I will not detail the events within this weighty tome. Most people alive are already well acquainted with the events of the Second World War and all its horrors. Or should I say, I hope they are. I do wonder, at times, though. If they are not, I would wish this book were required reading. For everyone. It is still, I believe, one of the best histories of the War. But it is Reich-sentric. Let’s be clear about that. What happens outside Germany is merely mentioned, only insofar as it is relevant to what is unfolding within the Reich. Thus, the United States does not loom large here; indeed, it is barely mentioned until it begins its convoys to beleaguered Britain. Britain and the Soviet Union are far larger players in the Reich’s narrative; probably because they were of greater concern to Nazi Germany than even it's allies, Mussolini’s Italy, and Imperial Japan (which hardly factors in, at all). What is of greatest weight is Shirer’s firsthand accounts: He was an American journalist within the Reich, until he had to exit from there upon America’s entrance in the war. His “Berlin Diary” is as important to this work as it is in its own right; as is his having reported on the Nuremberg Trials. It was these writings that allowed this work to be as personal as it is. And as insightful. No one else (then, anyway) could have given us the book he did.

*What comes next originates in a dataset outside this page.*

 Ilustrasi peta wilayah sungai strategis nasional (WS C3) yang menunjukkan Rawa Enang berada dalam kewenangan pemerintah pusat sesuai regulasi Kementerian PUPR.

I obviously recommend this book, however daunting it may appear; but if the reader is not well versed with the overall history of WW2, I would recommend they look elsewhere first, overarching documentaries, perhaps, before diving in.

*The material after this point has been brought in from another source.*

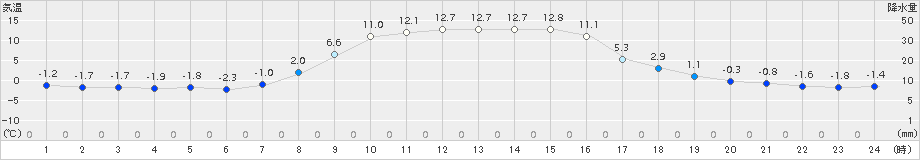 新和(>2017年10月16日)のアメダスグラフ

So, why would I say this book is prophetic? Because, to my mind, anyway, there are worrisome parallels today around the world to those early days before Weimar Germany became Nazi Germany. Is it just fearmongering? Is it that we, as humans, find patterns everywhere, even if there are none? Perhaps. I do hope, though, that no country finds itself travelling down the road of autocratic totalitarianism ever again. Or that anyone should ever have to experience such horrors as the people then did. Or those who do now do.

Not to belabour the point, but,

“No class or group or party in Germany could escape its share of responsibility for the abandonment of the democratic Republic and the advent of Adolf Hitler. The cardinal error of the Germans who opposed Nazism was their failure to unite against it.” ― William L. Shirer, The Rise and Fall of the Third Reich: A History of Nazi Germany

Regardless my polemic, William Shirer’s spic history is likely one of the most important contemporary histories ever written, I would wish that everyone read it.